=== Work item ===
The line with "SUPER SMILEY BABY" marks the first line to copy, and the line with "3.陜焦公司副總經(jīng" marks the last. Transcribe that stretch of the data below exactly, without pictures.

=== Data under study ===

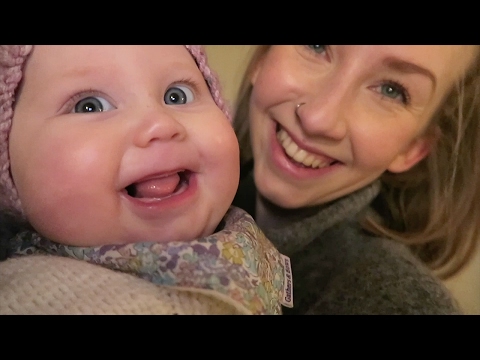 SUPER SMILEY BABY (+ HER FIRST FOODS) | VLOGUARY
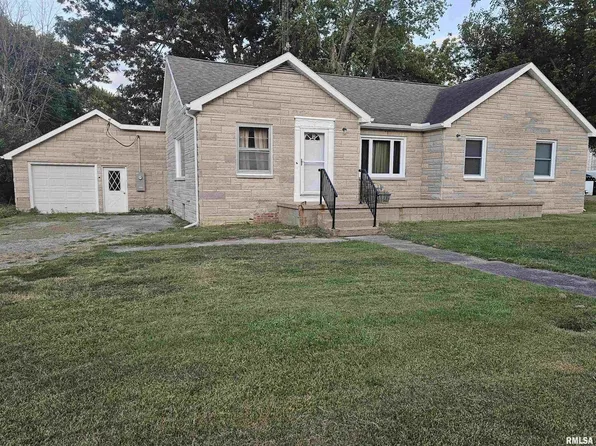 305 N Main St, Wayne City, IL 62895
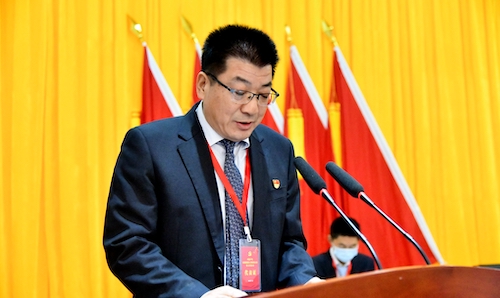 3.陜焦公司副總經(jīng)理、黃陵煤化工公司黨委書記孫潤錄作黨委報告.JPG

---

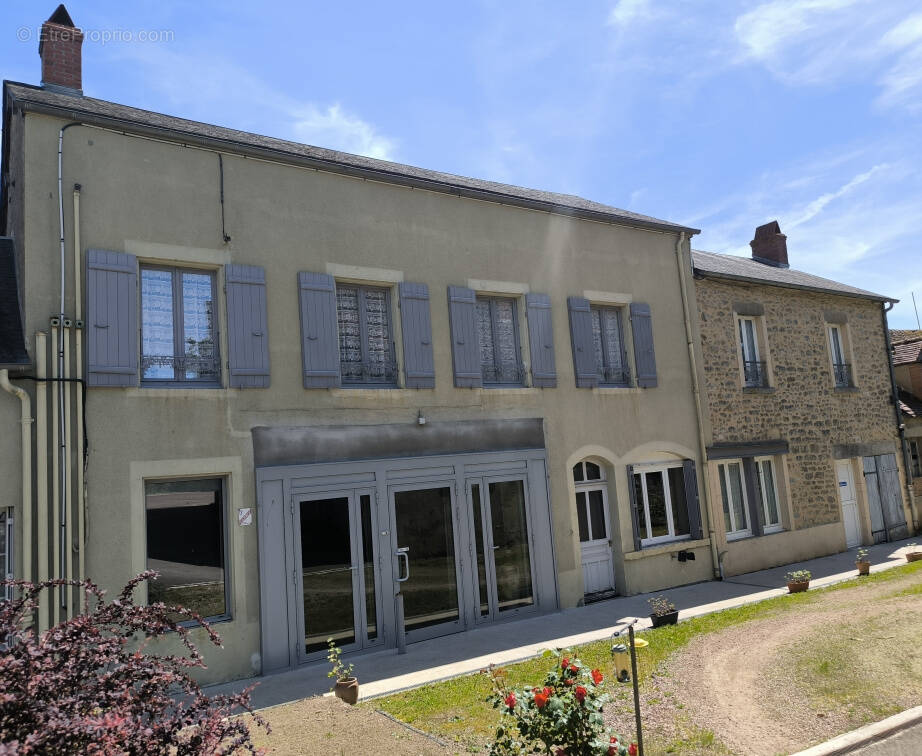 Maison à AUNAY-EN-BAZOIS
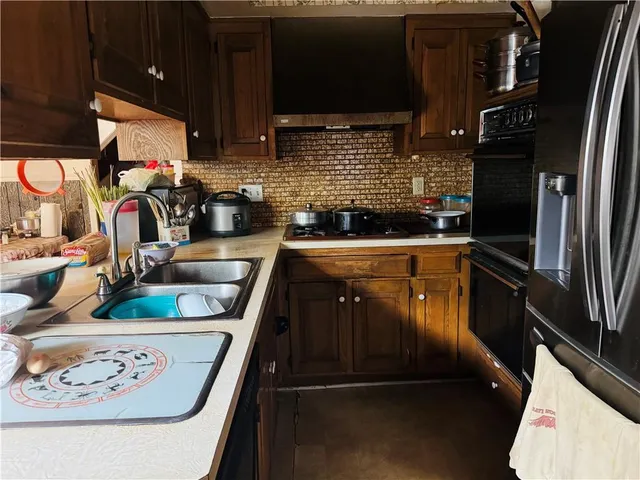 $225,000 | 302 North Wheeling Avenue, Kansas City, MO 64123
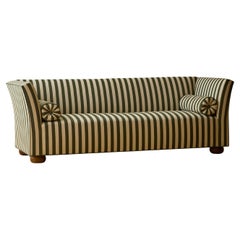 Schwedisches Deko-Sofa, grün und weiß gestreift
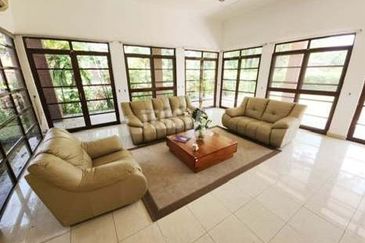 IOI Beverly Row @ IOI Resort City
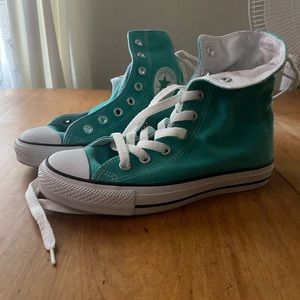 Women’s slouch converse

* * *

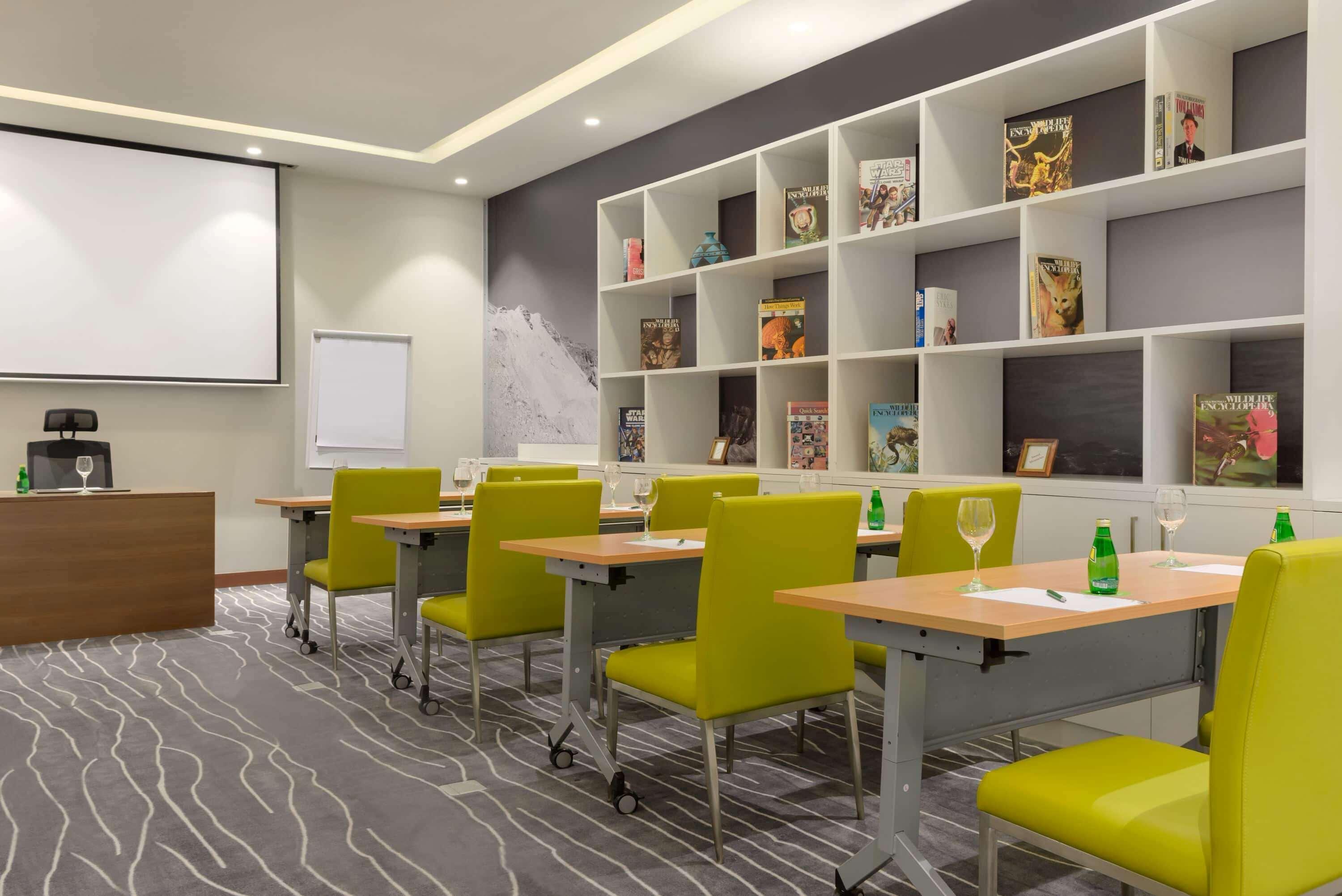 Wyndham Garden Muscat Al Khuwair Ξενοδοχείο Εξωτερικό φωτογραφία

=== Exercise result ===
 SUPER SMILEY BABY (+ HER FIRST FOODS) | VLOGUARY
 305 N Main St, Wayne City, IL 62895
 3.陜焦公司副總經(jīng)理、黃陵煤化工公司黨委書記孫潤錄作黨委報告.JPG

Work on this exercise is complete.